Public international law: said to regulate relations between states.
- Many rules of international law have an effect on states, but also on other entities (companies,
individuals, minority groups). Many of the rules are shaped not just between states but also
involve representatives of international organizations, or civil society organizations.
The history of modern international law is usually said to have started in the seventeenth century.
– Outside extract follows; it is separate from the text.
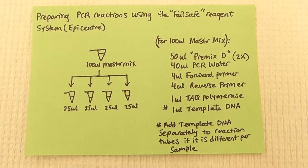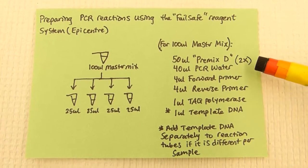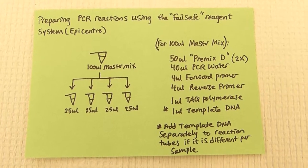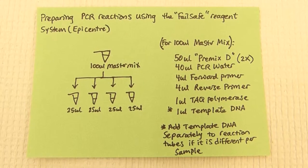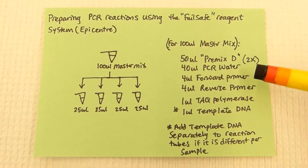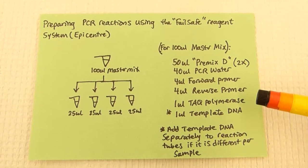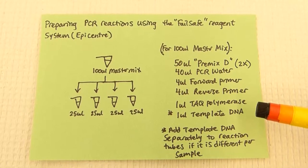This protocol is for 100 microliters of master mix. For this we would add 50 microliters of Premix D from Epicenter. This is a two times concentrated solution that contains our nucleotides and our salts buffer that will enable the Taq polymerase to replicate DNA in vitro. Next we add 40 microliters of PCR quality water, which is nuclease free, 4 microliters of forward primer, 4 microliters of reverse primer, and finally 1 microliter of our Taq thermostable polymerase.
1. For much time preceding the seventeenth century, much of Europe tended to be organized
into large empires. And since Europe was thought to be congruent with the world at large, the
result was that people did not think too much in terms of there being different political entities
requiring a specific legal system to organize their relations. Instead, they tended to think of
their empires as single entities, with the consequence that law was largely conceptualized as
internal.
2. The publication in 1625 of Hugo Grotius’ On the Law of War and Peace. It is sometimes
suggested that Grotius is the ‘founding father’ of international law, but such a claim is
untenable. (1) International law was not invented by a single person but grew out of the
interactions of states and the commentaries of learned observers. (2) If there were a single
creator, then there are a few other serious contenders.
- Grotius’ significance resides in two circumstances. First, he forms a bridge between
the classic naturalist way of looking at the law and later positivist theorizing.
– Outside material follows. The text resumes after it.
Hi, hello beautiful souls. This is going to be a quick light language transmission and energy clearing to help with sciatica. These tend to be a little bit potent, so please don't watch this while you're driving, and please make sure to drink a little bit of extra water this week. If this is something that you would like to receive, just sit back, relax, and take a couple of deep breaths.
- Natural law thinking typically suggests that law is not made but found; it
exists somehow in nature and can be recognized by the proper method of
analysis or by those of the right faith.
- Positivism typically suggests that law is not given, but man-made; the law is
whatever states decide or agree that it is.
- Second, Grotius may well have been the first to present a synthetic, comprehensive
vision of international law.
3. International law has been closely connected with imperialism and colonialism. The
emergence of early modern international law is comprehensible in light of the struggle
between European powers for influence elsewhere in the world.
- For purposes of establishing sovereignty, the local population was often ignored, but
their consent was deemed vital, at least as an argument to convince competing
European powers.
- International law also played a marked role when it came to slavery, first by
facilitating it and, later by gradually arriving at a prohibition.
- International law is also still trying to come to terms with the effects of
decolonization. The subsequent emergence of newly independent states in various
waves, mostly during the 1950s and 1960s, gave rise not only to questions of
succession but also to questions of representation and substantive justice, as was
recognized early on by some statue observers.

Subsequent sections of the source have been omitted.